The NVI also did not meet conditions for full scalar invariance by race or race-by-gender groups or time invariance. Small deviations from invariance do not necessarily preclude subsequent group analyses, and there is no clear consensus on standards for the cutoffs for small violations (Putnick & Bornstein, 2016; Reise et al., 1993). Consequently, future cross-race or -gender analyses using NVI may still be valid, but longitudinal applications should be limited. Finally, the decreases in exposure to neighborhood vulnerability could be partially due to the survival of those who were less vulnerable at baseline. If study attrition did result in systematic differences in the tracts represented in the model, this may have had an impact on the distribution of the NVI and conclusions drawn from this analysis (Halamová et al., 2019). Replication of this analysis in other nationally representative samples and further exploration of invariance are needed to address the limitations within this study.

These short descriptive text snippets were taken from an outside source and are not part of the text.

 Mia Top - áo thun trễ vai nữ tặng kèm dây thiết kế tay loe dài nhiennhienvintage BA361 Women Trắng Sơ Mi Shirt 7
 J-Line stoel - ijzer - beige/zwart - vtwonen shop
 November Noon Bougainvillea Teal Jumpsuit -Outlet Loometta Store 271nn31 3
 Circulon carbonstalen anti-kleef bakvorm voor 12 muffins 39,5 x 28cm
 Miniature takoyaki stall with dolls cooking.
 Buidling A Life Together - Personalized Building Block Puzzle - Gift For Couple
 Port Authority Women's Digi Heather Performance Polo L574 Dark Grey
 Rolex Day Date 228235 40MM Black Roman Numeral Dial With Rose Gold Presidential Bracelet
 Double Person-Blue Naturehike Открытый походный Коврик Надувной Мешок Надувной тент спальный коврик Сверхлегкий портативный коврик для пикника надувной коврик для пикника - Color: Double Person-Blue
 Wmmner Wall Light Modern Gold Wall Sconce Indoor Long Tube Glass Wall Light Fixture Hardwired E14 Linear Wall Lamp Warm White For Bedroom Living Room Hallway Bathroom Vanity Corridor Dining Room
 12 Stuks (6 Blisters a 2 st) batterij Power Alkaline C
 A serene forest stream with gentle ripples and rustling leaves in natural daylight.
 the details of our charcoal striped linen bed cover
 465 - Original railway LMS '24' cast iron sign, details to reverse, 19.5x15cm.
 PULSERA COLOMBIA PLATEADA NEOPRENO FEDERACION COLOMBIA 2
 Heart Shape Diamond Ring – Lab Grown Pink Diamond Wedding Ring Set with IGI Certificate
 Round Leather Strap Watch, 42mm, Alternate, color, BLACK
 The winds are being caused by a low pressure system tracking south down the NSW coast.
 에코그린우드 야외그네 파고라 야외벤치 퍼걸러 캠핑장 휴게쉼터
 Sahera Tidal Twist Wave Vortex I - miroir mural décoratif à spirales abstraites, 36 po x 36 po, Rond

Conclusions and Future Research

This analysis has expanded the literature on measuring neighborhood exposure to risk and vulnerability in a number of ways. Based on the final model, exposure to neighborhood vulnerability is declining in the overall sample and between race and gender groups. However, we observe a persistent racial and gender disparity in exposure at each time point. Results support the experience of distinct socio-structural contexts for marginalized groups of U.S. adults over time, which has implications for the persistence of health and socioeconomic disparities (Williams & Collins, 2001; Do et al., 2008; Wen and Kowalski-Jones, 2012; White et al., 2012; Kravitz-Wirtz, 2016). The differences in access to neighborhood resources and opportunities between race and gender groups are reflected in the clustering of minoritized groups in socially disadvantaged environments. Moreover, the lack of affluence (a combination of education, income, and professional employment) is a stronger driver of neighborhood vulnerability, indicating the potential benefit of equitable resource allocation in vulnerable communities. Black and White Americans live in vastly different census tracts, which speaks to the potential power of neighborhood equity in reducing health inequities in society more broadly (Ioana et. al, 2018). The impact of racial and income segregation is compounded by race and gender, as evidenced by the NVI disparities between men and women in all groups. Measures such as the NVI provide a new method of accounting for structural exposure to health risks that is otherwise unaccounted for by focusing on the individual.

Future studies should seek to validate the NVI in other population-based samples. In addition, repeated analyses in more diverse samples would allow for additional racial/ethnic group comparisons and provide the ability to further examine patterns of exposure to neighborhood vulnerability among U.S. adults over time. Assessing whether the NVI is a significant predictor of health outcomes could provide evidence of a direct link between structural factors and health, further supporting the need to shift local policies, systems, and environments to reduce racial health inequities. There is also a need to explore approaches to addressing neighborhood vulnerability, such as local advocacy to shift the socio-structural environment through civic engagement and political action. Addressing the upstream social determinants of health at the neighborhood level may prove to be more effective than interventions at the individual level in addressing health inequities.